In recent years, C++ developers have become very interested in heterogenous containers -- containers that can contain an value which might be of several different types.
One way to approach the problem is to use a union
type. union is a language-level feature inherited from
C. [1]
Prior to C++11, a union could only contain POD types. Since C++11, this restriction was relaxed, but the compiler still does not generate useful special member functions, nor can it, really. A union is ultimately a very low level construct -- usually in C++, it is there for compatibility with C, or it is used as a building block in creating a more user-friendly type, rather than as a solution itself.
For purposes of C++, if we want to have a union
type which is extended to act more like a standard container, a natural approach
is to use a discriminated union. This means, a union
, together with an int
,
or an enum
, which keeps track
of which type is currently engaged within the union
.
When we have this extra information, we can access the union in a type-safe
way, and give it a copy constructor and so on. This idea was originally described
by Andrei Alexandrescu [2].
boost::variant
is a well-known implementation
of these ideas, and it became a very influential library. Besides providing
a generic, type-safe, discriminated union, it also provided a concept of
static visitor. A static visitor is function object
which the programmer creates in order to "visit" the variant type
in a systematic fashion, rather than using a sequence of if
... else
or similar .
The function object's implementation may use templates, and so take advantage of C++'s pattern matching abilities when visiting the variant type, which is very powerful and convenient. This is perhaps the closest thing in current versions of C++ to the pattern matching features found in languages like ML, Rust, and Haskell.

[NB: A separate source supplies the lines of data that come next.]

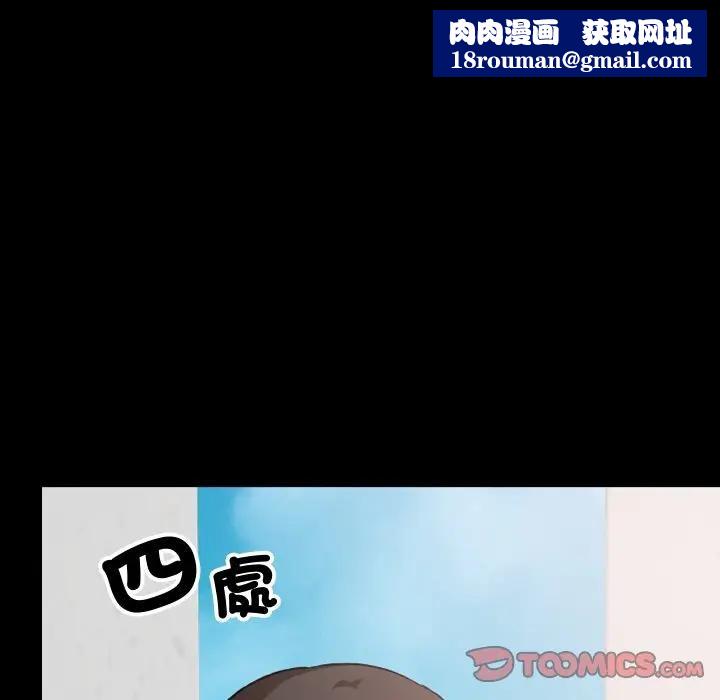 校花的双面生活第28話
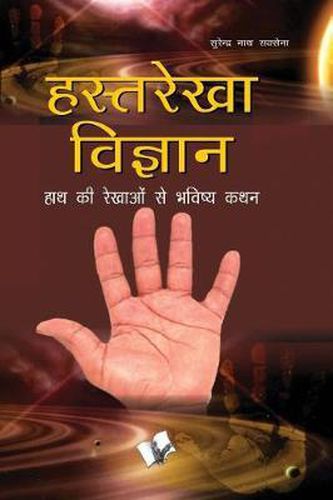 Cover image for Hasth Rekha Vigyan: Lines on the Palm and How to Interpret Them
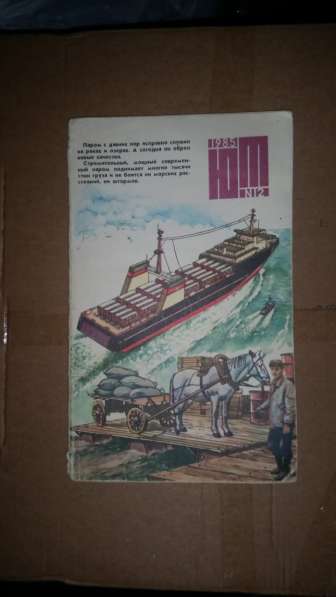 Продам Журнал Юный техник 1985 г. № 1-12 Полный годовой комп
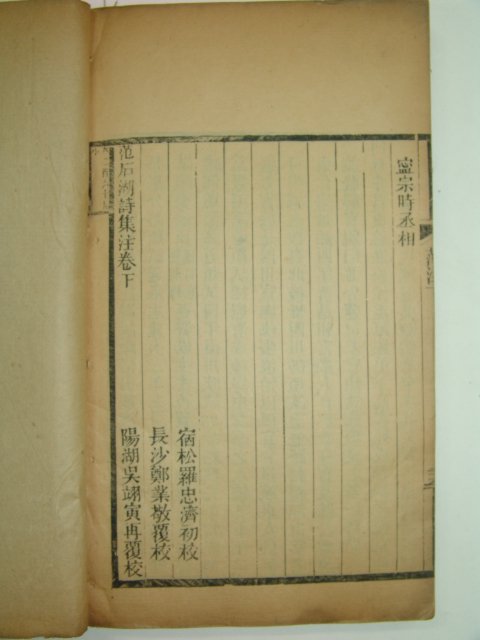 1893년 중국목판본 범석호시집(范石湖詩集) 1책완질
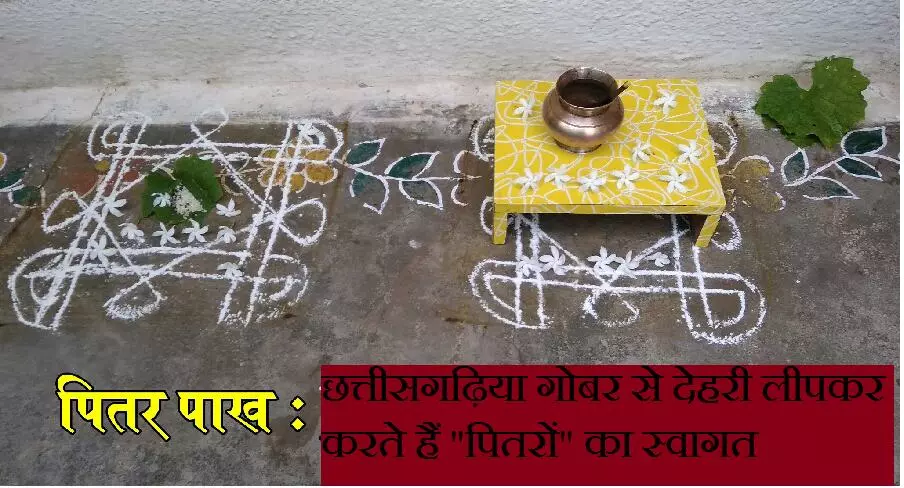 Pitru Paksha 2024 : छत्तीसगढ़िया गोबर से देहरी लीपकर करते हैं "पितरों" का स्वागत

However, one of boost::variant
's constraints is that it doesn't
require C++11 -- its interface and design work in a way that accomodates
C++ sans move semantics and noexcept
annotations, which gives up certain optimization opportunities. Some of these
gains can be realized by using the most recent versions of boost::variant
when it enables C++11 features,
but some cannot, as we will see.
The core issue in implementing a variant
is how to handle a throwing, type-changing assignment
[3].
Fundamentally, there is a chicken-and-egg problem: When the variant is assigned to a value different from the currently contained type, we must first destroy the current value in order to vacate the storage, then we can construct the new value in that storage. Clearly, we can't construct the new value without destroying the old value first. But on the other hand, if constructing the new value fails by throwing an exception, we would like to retain the old value, so that we can have roll-back semantics and strong exception safety. Once it's destroyed, we can't exactly do that anymore. So somehow, neither of these steps should happen first.
There are a number of possible ways to resolve this issue.
One simple solution is to allocate double the storage for the variant. Then, the new object need not be allocated in the same memory as the old object, so it can always be constructed first and the issue is resolved. [4]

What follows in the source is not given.